Zé Ninguém
As agruras da vida por aqui se manifestam até na escuridão do olho cego. Os velhos caminhões pau-de-arara engrossam os contingentes de gentes escarnecidas, esqueléticas do sertão pernambucano. Por onde passamos registramos o caos urbano do povo interiorano que se espreme junto às grandes avenidas da capital. As ruas estão cheias de seres rastejantes, famintos com suas latas de leite vazias a espera de um trocado. Seres trocados pela ambição de uma sociedade guarnecida e preconceituosa que se finge de cega frente à cena horripilante da multidão de Zés Ninguéns.
A Rua do Imperador é palco preferido para uma cena surrealista. Não são relógios derretidos expostos em galhos de árvores, é povo mesmo, derretido pela miséria diária, por uma fome sem fim. Mendigos urbanos misturam-se aos novos mendigos numa congregação agonizante lutando por trocados, vinténs para poderem continuar suas subvidas, seus pesadelos, seus infortúnios, quiçá sua sorte.
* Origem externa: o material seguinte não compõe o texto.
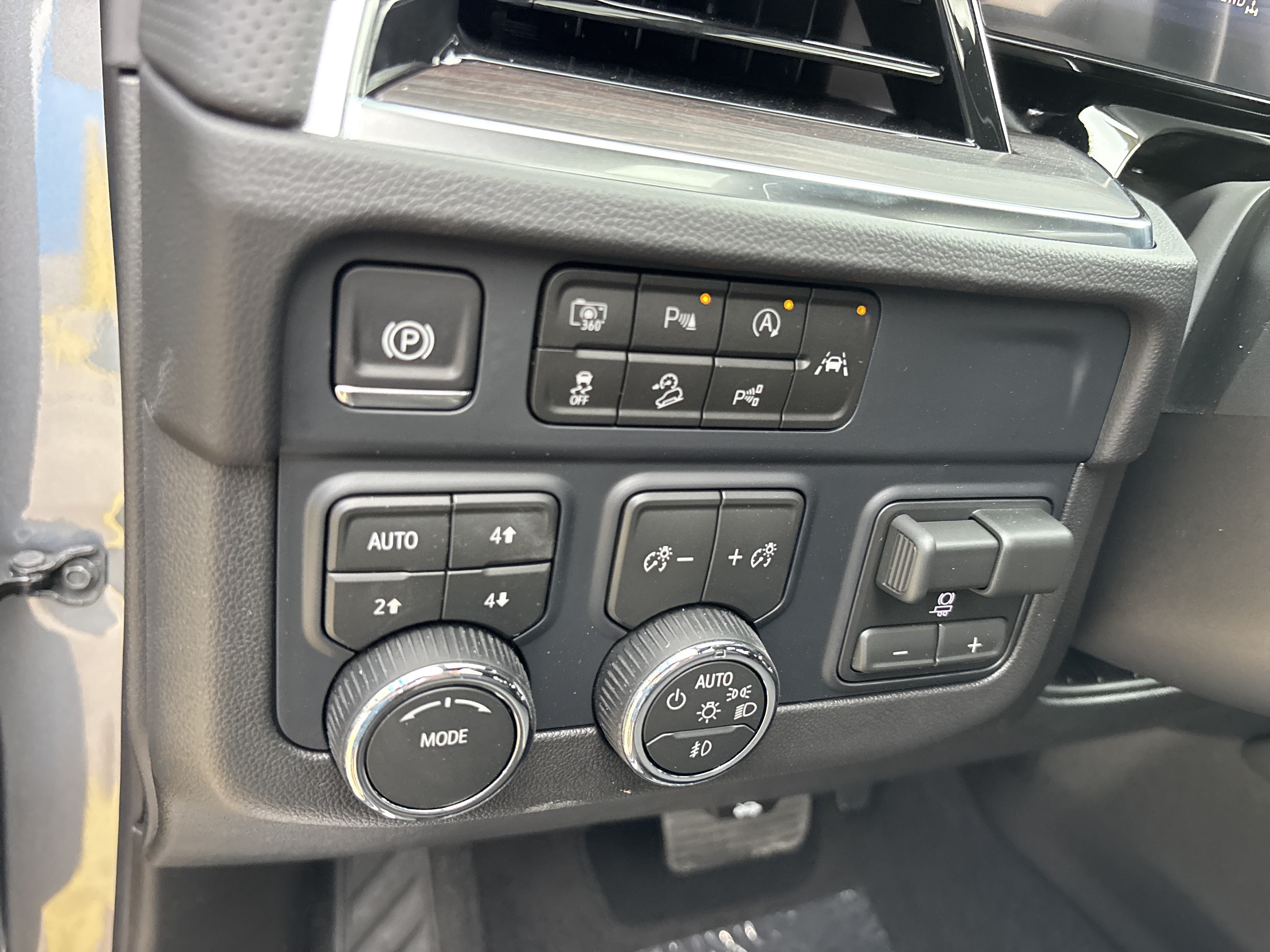 2026 Chevrolet Tahoe Premier - Photo 29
Zé Ninguém está lá, não tem sexo, ou melhor, todos os sexos, não têm nome, ou melhor, vários nomes. Mas a quem interessar saber sua graça, a desgraça risca uma linha onde os bem nascidos não querem ultrapassar. O pensamento esnobe não sabe que eles pensam, ou pensam que eles não pensam. Na verdade a síndrome da fome que os consome atrapalha o raciocínio, lhes deturpa a fala e ele gagueja, titubeia, se enfraquece dorme.
São milhões de zés ninguéns esparramados pelo país, fracos, fadados ao fracasso imposto por uma sociedade míope, que enxerga apenas a pequena ponta do nariz. Mas eles sobrevivem, com muito pouco, mas continuam sobrevivendo em meio a uma cinzenta vida que se confunde com as cores de seus lençóis, dos seus rotos trajes, embebidos de sujeira.
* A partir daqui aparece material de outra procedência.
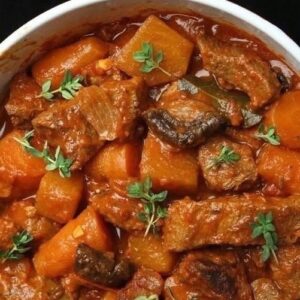 М’ясо тушковане в чорному чаї з лимоном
A mão ainda sobe, mesmo o corpo permanecendo enfraquecidamente deitado. Trêmula, ela não pode permanecer muito tempo suspensa. A lata vazia pesa, como pesa o estômago vazio de sustâncias, impregnados de ar, de roncos fortes, de dores viscerais.
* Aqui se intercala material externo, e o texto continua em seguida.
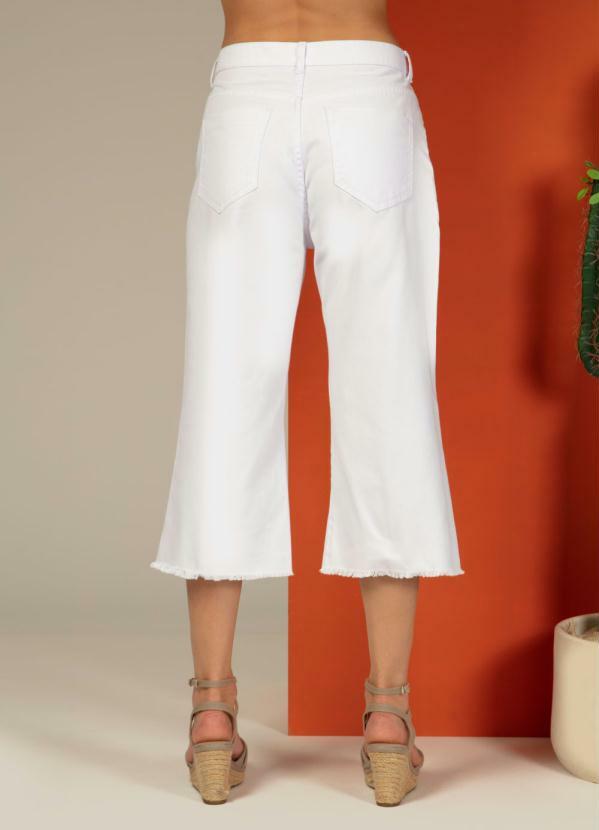 Quintess - Calça Pantacourt Jeans com Fendas Branca 4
Mas o Zé, nem sempre é o mesmo Zé, que permanece deitado. Ninguém também não espera a fome passar e ver a comida passar ao largo. Ele também luta, uma luta desleal, mas instigadora. Ele quer estudar e estuda a luz do candeeiro de querosene, sai de madrugada descalço, sem um único grão de feijão no bucho. Ninguém também vê que se ficar parado onde todos estão, não há sustância que venha em quantidade a saciar-lhe a fome, a alimentar um ninguénzinho que está por rebentar-se no útero de outro ninguém. O Ninguém sertanejo e o urbano são filhos da mesma terra, a terra de ninguém.